Croom refers to the concept of ‘face’, which is the desire for respect from other speakers within your linguistic community. ‘Face’ is a type of social currency as, just like money, you can get more things done with the more positive ‘face’ or respect you have. Offending people threatens their ‘face’ and complimenting people adds to their ‘face’, with slurring terms often used in this bargaining process. In fact, the use of racial slurs can be extremely destructive to the actual character of their targets and speakers who use them are contributing to a history of derogation that harms their social identities.
Croom quotes the example of how slaves were treated like domestic animals by their masters. Although it is clear that humans and livestock are in no way alike, the easiest way for the slave owners to deal with their own behaviour was to dehumanize the slaves in their minds and think of them as animals. The slave owners’ language closely reflected this way of thinking, hence the term ‘nigger’ which for them encompassed the meaning of ‘emotionally shallow, simple-minded, sexually licentious and prone to laziness’ and is clearly a negative and derogatory term for an African American. Interestingly slurs are also sometimes used to belittle targets who are not typically associated with the original slur. Croom quotes research carried out by M. MacDonald* in 2000 amongst African American communities where he reported that the term ‘white nigger’ was sometimes used by black speakers to refer to white people who were thought of as being beneath the speaker socially.

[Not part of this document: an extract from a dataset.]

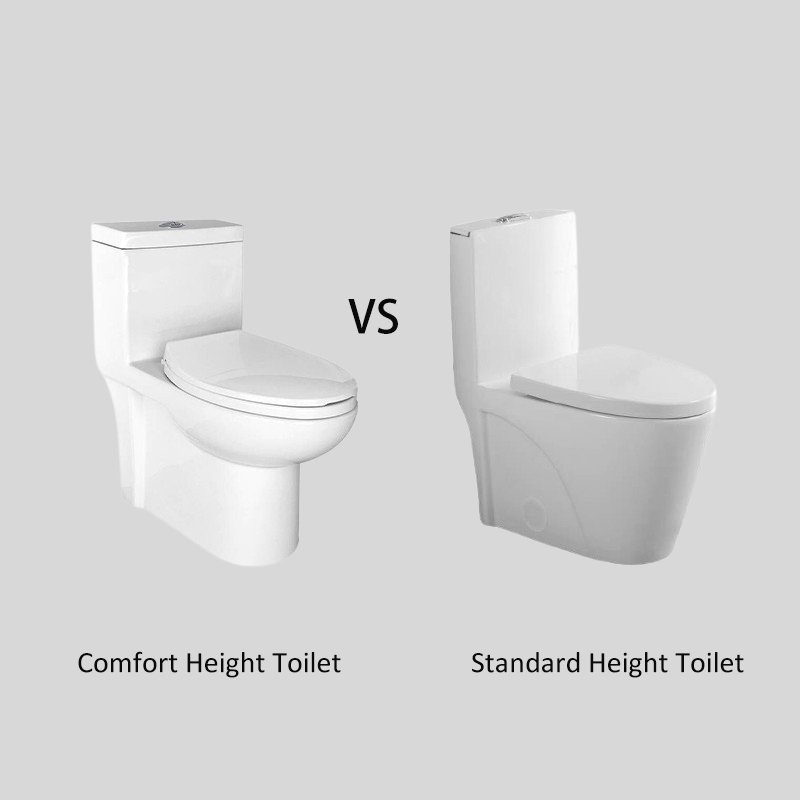 An organized bathroom area featuring helpful resources for choosing accessibility equipment.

Intriguingly, slurs may sometimes be used by the very members of the group they were originally aimed at. In this case, groups of speakers seem to have adopted slurs that were historically used against them and somehow claimed them for their own, giving them positive connotations. At first glance this is a puzzling phenomenon; however traditionally minority groups will often distinguish themselves by turning standard society’s norms on their heads. So, for example, many black inner-city residents may feel that the wider white society has abandoned them and disrespects them. In response, an oppositional culture develops and spreads within these groups. Anything associated with conventional white society is seen as square and the cool things are the opposite things: untied trainers, low slung trousers, caps worn backwards, etc. Running alongside this, such groups will adapt their speech styles too and adopt words traditionally used against them, reversing their original intention in a way, which is exactly what has been seen to have happened with the word ‘nigger’. Amongst young black people, the word now has positive connotations and this has extended to some extent to young white fans of hip-hop. ‘Nigger’ is an oft-used term in the hip-hop culture and young white fans usually have no previous knowledge of the word’s history and will therefore also use it as a positive term. The concept of ‘face’ is reversed as speakers use slurs to actually compliment each other and signal respect.
Croom makes the point that this is not only true of racial terms but also of sexist ones such as slut and bitch and homosexual terms such as queer. It is a fascinating field of study and one which merits a lot more research.
*MacDonald, M., 2000. All Souls: A Family Story from Southie. Ballantine, New York.
Croom, Adam M. (2013) How to do things with slurs: Studies in the way of derogatory words. Language and Communication 33: 177-204.